Ach, da ahnte ich noch nicht, dass es mir so bald beschieden sein würde, jene schlichte Behausung gegen die falschen Vergnügungen der Welt einzutauschen.
Adieu
Laura
Brief V
Laura an Marianne
An einem Dezemberabend, als mein Vater, meine Mutter und ich in geselligem Gespräch am Kamin saßen, hörten wir zu unserer größten Überraschung unvermutet ein heftiges Klopfen an der Tür unserer ländlichen Behausung.

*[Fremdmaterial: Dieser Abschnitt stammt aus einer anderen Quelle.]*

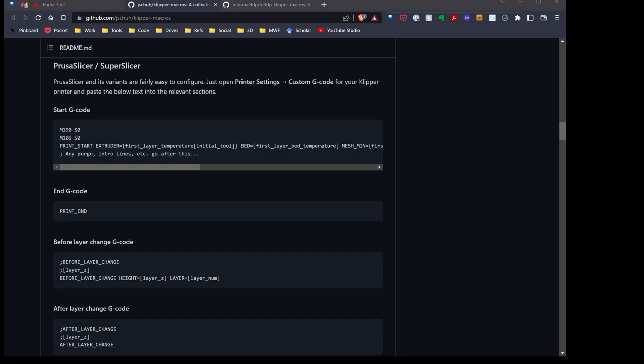Pretty cool stuff. Now for Cura, it's a little bit more complicated. And I have not gotten this working perfectly. It's a little less important to me. Cura is basically a pain in the butt.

Mein Vater machte große Augen. «Was ist das für ein Lärm?», sprach er. – «Es klingt, als poche jemand laut an die Tür», erwiderte meine Mutter. – «In der Tat!», rief ich. – «Das ist auch meine Meinung», versetzte mein Vater. «Es klingt zweifellos, als bearbeite jemand mit ungewöhnlicher Kraft unsere unschuldige Tür.» – «Ja», rief ich. «Es scheint mir wirklich so, als ob jemand Einlass begehre.» – «Das ist eine andere Frage», erwiderte er. «Wir dürfen uns nicht anmaßen zu entscheiden, aus welchem Grunde geklopft wird, obzwar ich die Möglichkeit, dass tatsächlich jemand an die Türe pocht, nicht mehr ausschließe.»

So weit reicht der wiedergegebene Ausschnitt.